To really understand what’s going on, we need to look at the economic fundamentals and this question : Was the layoff caused by the introduction of a more productive technology, a smarter way to manufacture or a shift in consumer preferences?

Although outsourcing has generated headlines, it is not the chief cause of job losses. The Business Week magazine reports that 1 percentage point of productivity growth can eliminate up to 1.3 million jobs a year.

So, the cause of job losses is: Automation, which affects sectors like: construction, manufacturing, retail and wholesale trade, transportation, information and food services. Airlines have reduced the number of ticket agents because of airport kiosks, online ticket purchases and online check-in. Grocery store clerks are on the decline with the onset of automated checkout counters.

As the economy industrializes, the life cycle of entire industries is radically shortened.

Some specific examples:

The Innovation: Lyman Blake’s shoe-manufacturing machine.
The Consequence: the need to make shoes by hand quickly disappeared — and so did related jobs.

The Innovation: Henry Ford’s Model T.
The Consequence: Horse and buggy industry declined.
Another Consequence: Ford’s mass production genius also spawned new industries — many carriage companies flourished as makers of motor vehicle bodies — and made human transportation exponentially more efficient.

The Innovation: Freon and the introduction of electric refrigerators.
The Consequence: the ice industry declined. (Until that point, ice was taken from rivers and ponds, cut into blocks and delivered to insulated storage buildings for summer use).
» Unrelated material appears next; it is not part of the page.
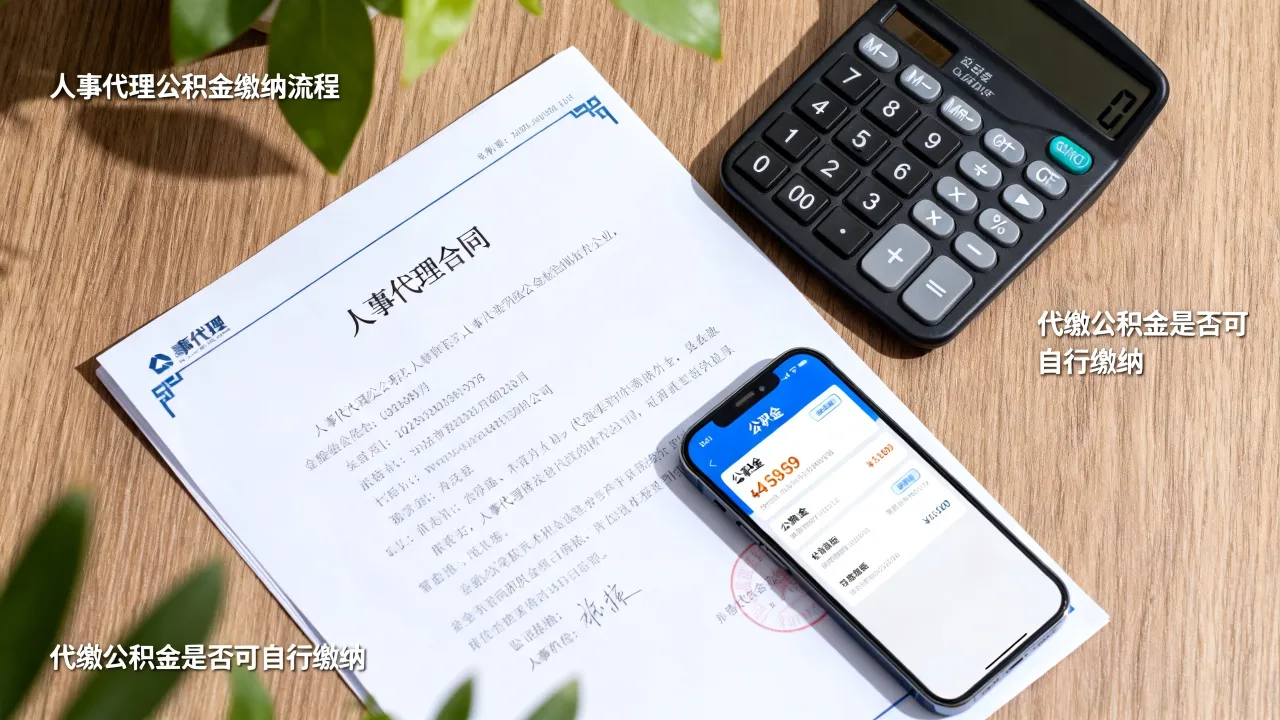 人事代理的公积金怎么交?,代缴公积金能自己交吗-图2 人事代理的公积金怎么交?,代缴公积金能自己交吗-图2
The Innovation: General Motors’ Frigidaire “electric icebox”.
The Consequence: icebox manufacturers, ice gatherers and the manufacturers of the tools and equipment needed to handle large blocks of ice, all went out of business.

The Innovation: Robots are used for factory tasks.
The Consequence: Jobs that were often dangerous, dirty and tedious, don’t require humans anymore.
Another Consequence: Robots need to be manufactured, sold, installed, delivered, maintained, repaired and improved – and who will do that?

Technological advances must always occur within a sound moral framework. If consistent with genuine human flourishing, advances should be embraced as a product of human creativity rather than feared as a source of human suffering. Using foreign workers as scapegoats for the fallout from technological change sabotages any economy’s preparedness for such change. This type of sabotage leads to misguided policies that impede productivity improvements and innovations — which are the very things that make our lives more comfortable, safer and healthier.